Here is a short recap about the tremendous success of Amtrak's NE Regional Service to Lynchburg in its first full fiscal year....it's encouraging to see news like this! 

(Courtesy of Progressive Railroading Daily News)

"During fiscal-year 2010, which ended Sept. 30, the Lynchburg train carried 126,072 passengers, exceeding its goal of 51,000 riders by 147.2 percent. The service also generated $6.33 million in revenue, well surpassing its $2.58 million goal."

http://www.progressiverailroading.com/prdailynews/news.asp?id=25090

Way to go, Lynchburger!


----------



## SouthernServesTheSouth (Nov 18, 2010)

The Lynchburg newspaper had two articles concerning the Northeast Regional. One about ridership the other on a proposal to have a bus from Roanoke, Blacksburg to Lynchburg. Hope you can get his web site to work.

http://www2.newsadvance.com/news/2010/nov/17/bus-service-roanoke-area-kemper-street-station-stu-ar-660423/

http://www2.newsadvance.com/news/2010/nov/17/lynchburg-train-beats-ridership-goals-first-year-ar-660436/


----------



## Ryan (Nov 19, 2010)

And, there's no good news without the bad:

http://www.nbc29.com/story/13532143/funding-gap-could-close-amtrak-route


----------



## Anderson (Nov 19, 2010)

Ryan said:


> And, there's no good news without the bad:
> 
> http://www.nbc29.com...se-amtrak-route


Oh, for crying out loud! The budgeted subsidies could cover this thing for five years, and the way traffic is going, it could probably turn a profit given a few years!


----------



## Anderson (Nov 20, 2010)

Alright, I hate to ask this but it's the only place I know of to ask: What is the Lynchburg run costing, total? Considering that it was 136% above projected in November 2009 (if I read that article right) and that turned a profit, and that it ended the year at 161.7% of budget, and that the run clocked out with over $7.5 million in revenue...you're talking about close to 175 people per train, assuming that the Lynchburg-DC route on the charts only counts the once-daily run. If it includes the Cardinal as well, assume that the 20% lower revenue figure I've seen quoted also carries over to passenger stats, you're still looking at 106,000 total, or 145 per run.

By the way, the rumor in Charlottesville that I've seen is that they're looking to make the Cardinal daily as the next stage.

As to the 2015 figure...Virginia's DoT works on a six-year cycle, which is to blame for that figure. I'll certainly be chatting with my delegate about this (and I'll probably be some sort of staff on a State Senate campaign this coming fall), so...let's keep our fingers crossed, but I think if a good case can be made that VA just needs to put a small amount out per year as backup funding for the Lynchburg line (and the point can probably be made that simply leaving the subsidy allotment that was initially made in place would suffice...if they set aside $240k a month, that's about $3m for the year...and if the line barely touched that and looks to run a profit in FY2011, I think the state could be willing to put some "insurance money" in for the line to stay open), the line will stick around and get expanded.
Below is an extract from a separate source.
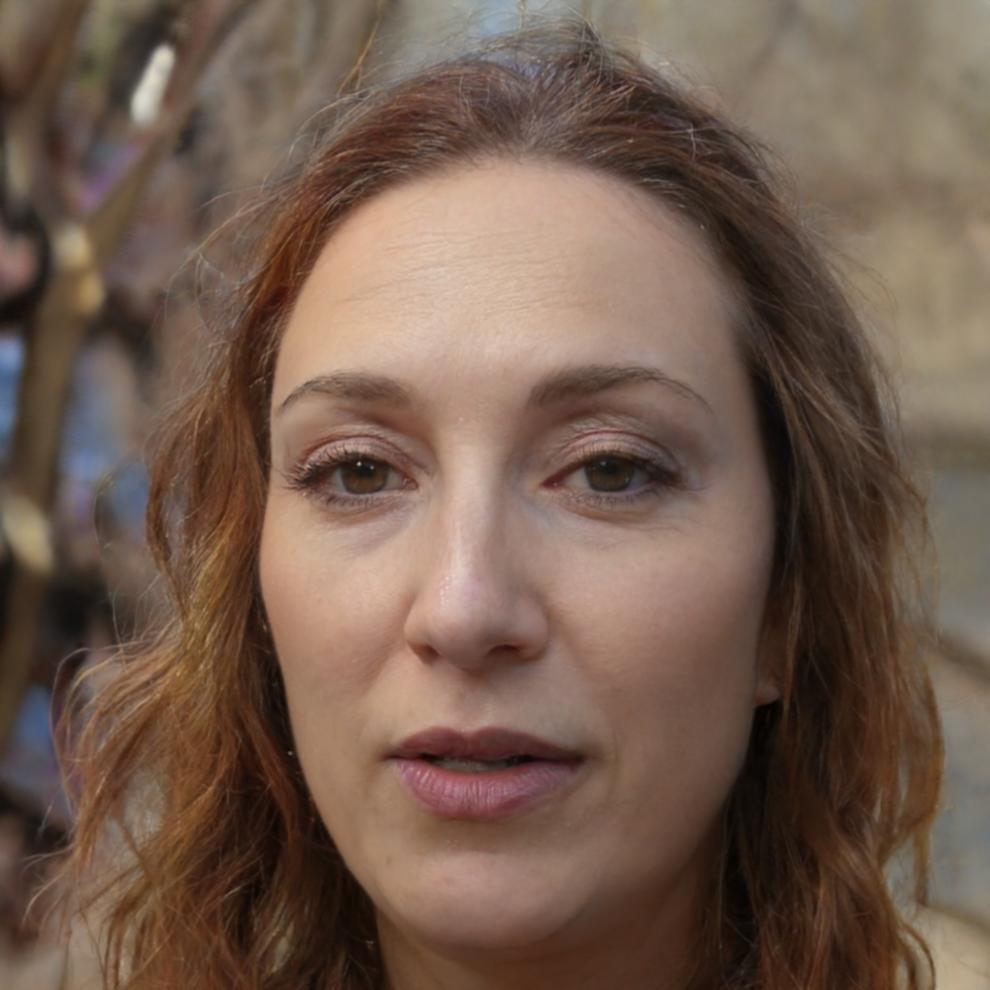 Finanzberaterin Wiebke Vogelsberg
What Amtrak should probably do, though, is kill the Thruway line to/from CVS/WAS and move the buses to a Roanoke/LYH run or something similar.


----------



## Ryan (Nov 20, 2010)

Anderson said:


> By the way, the rumor in Charlottesville that I've seen is that they're looking to make the Cardinal daily as the next stage.


That's more than just a rumor, Amtrak published a route improvement plan that proposed to do exactly that a few months ago (look for it here, it was discussed).


----------



## AlanB (Nov 20, 2010)

Anderson said:


> Alright, I hate to ask this but it's the only place I know of to ask: What is the Lynchburg run costing, total? Considering that it was 136% above projected in November 2009 (if I read that article right) and that turned a profit, and that it ended the year at 161.7% of budget, and that the run clocked out with over $7.5 million in revenue...you're talking about close to 175 people per train, assuming that the Lynchburg-DC route on the charts only counts the once-daily run. If it includes the Cardinal as well, assume that the 20% lower revenue figure I've seen quoted also carries over to passenger stats, you're still looking at 106,000 total, or 145 per run.


Revenue for the first year was $7.8 Million against expenses of $5.7 Million. That comes with a caveot however.

First, Amtrak in response to critcism and input from Congress is busy redoing how they calculate and report expenses. That started this past fiscal year, 2010, with how the monthly reports are formatted. One of the bigger issues over the years has been how Amtrak handles depreciation and the value of its equipment and the value of capital improvement.

The new charts provide a column called Capital charges. At present the reports are not providing any expenses in this column as Amtrak revamps their accounting practices. So the $2.1M profit reflected above will most likely decrease some once Amtrak gets that Capital charge included. I don't believe that it should turn the train from a money maker into a loser, but I've no doubt that the profit will decrease some.


----------



## George Harris (Nov 20, 2010)

AlanB said:


> I don't believe that it should turn the train from a money maker into a loser, but I've no doubt that the profit will decrease some.


Don't remember the details, but Amtrak financial manipulation did manage to turn the LA to San Diego service from money generator to money loser a few years back.

Also, do not know the accuracy of this, but have heard that some of the Northeast Corridor costs are spread systemwide, including to trains that never see the NEC.


----------



## Eric S (Nov 20, 2010)

Anderson said:


> What Amtrak should probably do, though, is kill the Thruway line to/from CVS/WAS and move the buses to a Roanoke/LYH run or something similar.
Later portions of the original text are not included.